In the Star Trek universe, it’s given that we’ve transcended the will to power as a species, which is attributed to a combination of a memory of the trauma of brutal eugenics wars (see that episode where Q puts humanity on trial) and a wonder and humility rooted in first contact with an alien species (see “First Contact” — the second of the Star Trek movies starring the TNG gang). …Really, Kaku? You REALLY think that’d work? How long was it after the horrors of WWII that the Cold War picked up?
And even in Trek, you needed to actually have first contact with a technologically superior alien species. It was a necessary condition. What’s dude’s plan if that deus (alienus?) ex machina doesn’t end up materialising? (Side note: I grew up loving TNG (=”The Next Generation,” or “The one with Patrick Stewart”). It was my favorite show from age, like, 6 to 12. I still nostalgically enjoy the company of those characters, and I’m sure the show defined my moral intuition to a far greater extent than I could even really say.)
The point, tho, is it’s not a very credible vision of the future of humanity. But, as I said above, it was never supposed to be. The point of Trek was to be a soap box for Gene Roddenberry to declare on contemporary problems (like racism, greed, torture, technology, etc.) abstracted from the reality of our world (in which they exist) and from an angle of absolute humanistic moral authority.

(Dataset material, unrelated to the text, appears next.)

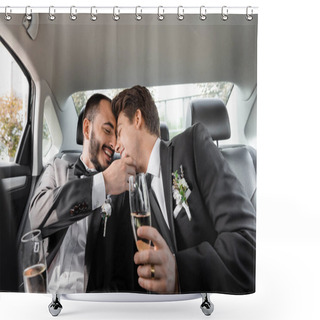 Personality  Carefree Homosexual Groom Touching Face Of Young Boyfriend In Braces And Elegant Suit With Boutonniere And Holding Champagne While Sitting On Backseat Of Car Shower Curtains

If Roddenberry was genuinely interested in laying out a full vision for how society might work, he wouldn’t have just given it to us that money has been abolished — he would have gone into far greater historical detail as to what that process looked like, and how whatever resources are still scarce are managed and distributed. The answer is quite clearly implied: a strong, central bureaucratic authoritarian body. This is clear, for example, in how prime assignments on prime starships, like the Enterprise, which were certainly scarce, were distributed. They distributed on the basis of a highly formalized system of academic testing designed to reduce you to a comparable commodity manageable by the centralized bureaucracy. Assignments come from a “Starfleet Command” whose internal dynamics and politics are only vaguely gestured towards. We’ve seen this political-economic form before. How the Federation has managed to overcome the ultimately socially dominating dynamics that we saw emerge in almost every society that adopted that model is never specified. Presumably it has something to do with the elimination of the scarcity of life essentials — food, shelter, etc.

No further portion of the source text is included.